> EXERCISE INSTRUCTIONS
For this exercise, return exactly the lines of the material below that begin at the one with "Grizzly bear at" and stop after the one with "A modern building".

> DATASET EXTRACT
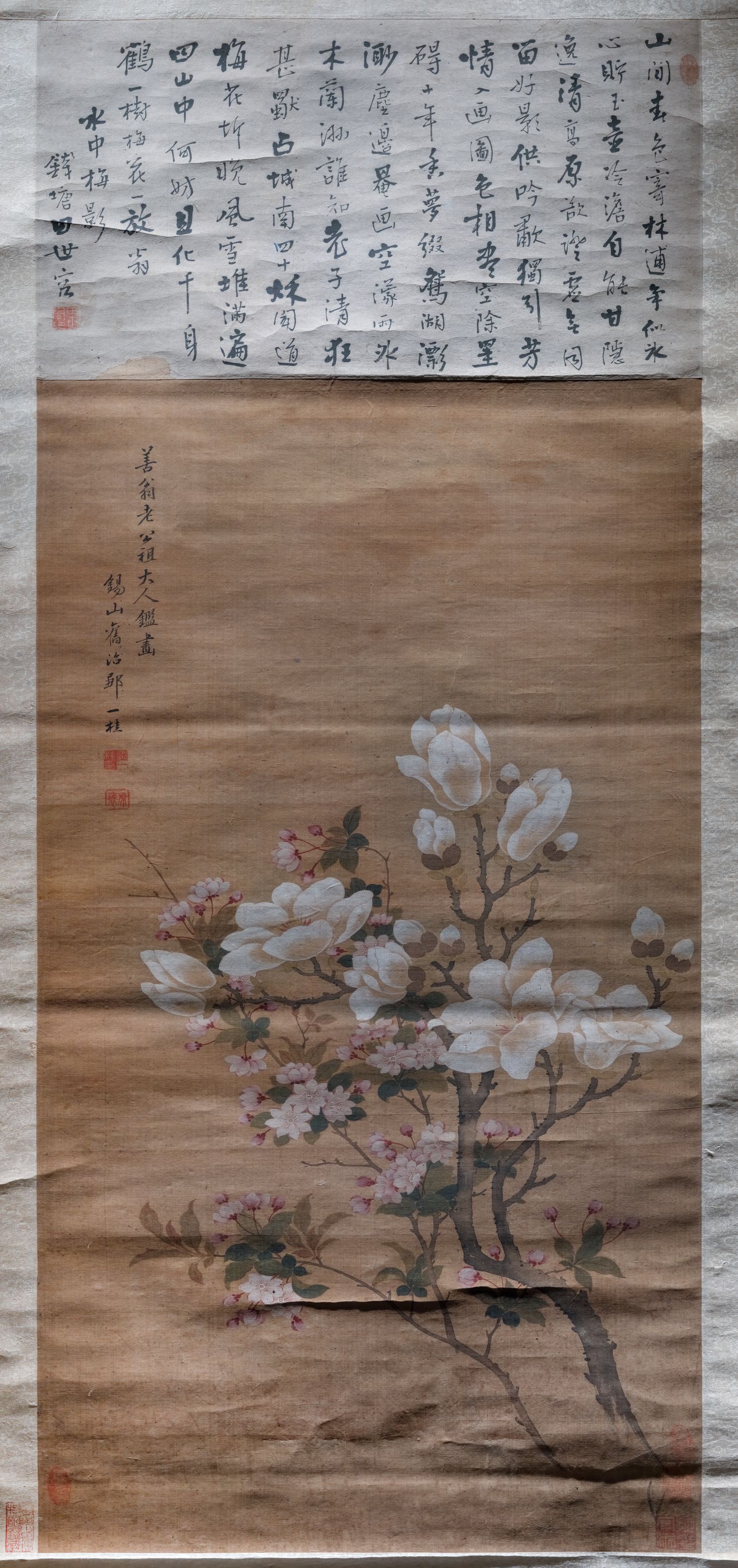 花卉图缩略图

* * *

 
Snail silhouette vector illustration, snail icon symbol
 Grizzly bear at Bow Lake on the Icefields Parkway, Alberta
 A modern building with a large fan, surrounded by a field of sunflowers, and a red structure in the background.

> RESPONSE BELOW
 Grizzly bear at Bow Lake on the Icefields Parkway, Alberta
 A modern building with a large fan, surrounded by a field of sunflowers, and a red structure in the background.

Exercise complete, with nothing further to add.